Ask Curtis Davis what he’s into or what he tries to convey through his art, and he’ll reply succinctly: “Everything.” He’s not being curt. The Price Hill-based artist’s body of work really does seem to encompass the entire breadth of his imagination.
In his studio space at Northside’s Visionaries + Voices, a nonprofit organization that provides resources to more than 125 artists with disabilities, Davis opens a large manila envelope crammed with at least 50 pen drawings, all of which he says he’s produced over the last few days.
“This is a Christmas tree,” he says. “This is a jellyfish. This is some flowers. This is the ghost.”
He methodically introduces me to his work, piece by piece, patterns becoming apparent as they’re spread across the table. Davis is smitten with plant life, favoring logs and floral scenes. He draws portraits with uniformly mysterious expressions, eyes veering to the right as if there’s a secret being kept outside the confines of the page. He’s also compelled by certain numbers: 33 and 35 are lightly penciled through each piece, adding subtle accents.
More developed pieces surround us. Massive sculptures coated in countless layers of paint loom like colorful shadows next to portraits housed in complex, collage-like frames. His output is a language of its own: a vast network of familiar symbols that create surreal dreamscapes when combined.

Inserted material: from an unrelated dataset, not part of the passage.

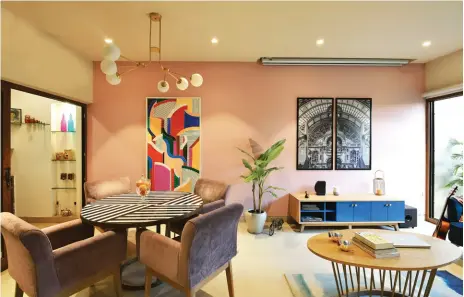  ??  ?? PINK PERFECTION The black and white dining table contrasts well with the pink walls and colourful artwork (above); the master bedroom (below)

Come June 27, a select portion of this work will be featured in New York City’s White Columns gallery and, thanks to a crowdfunding campaign conducted by V + V, Davis will get to come to New York with it.
When I first meet Davis for coffee, he wears a paint-splattered Dallas Cowboys cap and cuffed cargo pants. He’s joined by V + V’s exhibition director Skip Cullen and development director Jim Neidhard.
As of that Friday morning, V + V had crowdfunded more than $3,500 in order to send Davis and others to the opening of his solo exhibition in New York. His show will add to White Columns’s 15-year history of collaborating with programs that support artists with disabilities; the show will focus on Davis’ sculptural work, which is produced by gradually covering salvaged objects like logs, rocks and dolls with coats of paint, each layer a different color.
It was Davis’ found-object work in particular that caught the eye of White Columns director and chief curator Matthew Higgs in July 2016. Higgs initially made the trip to V + V’s studio to meet visual poet Dale Jackson, but he was so intrigued by Davis’s process that he made three Instagram posts of the artist in action.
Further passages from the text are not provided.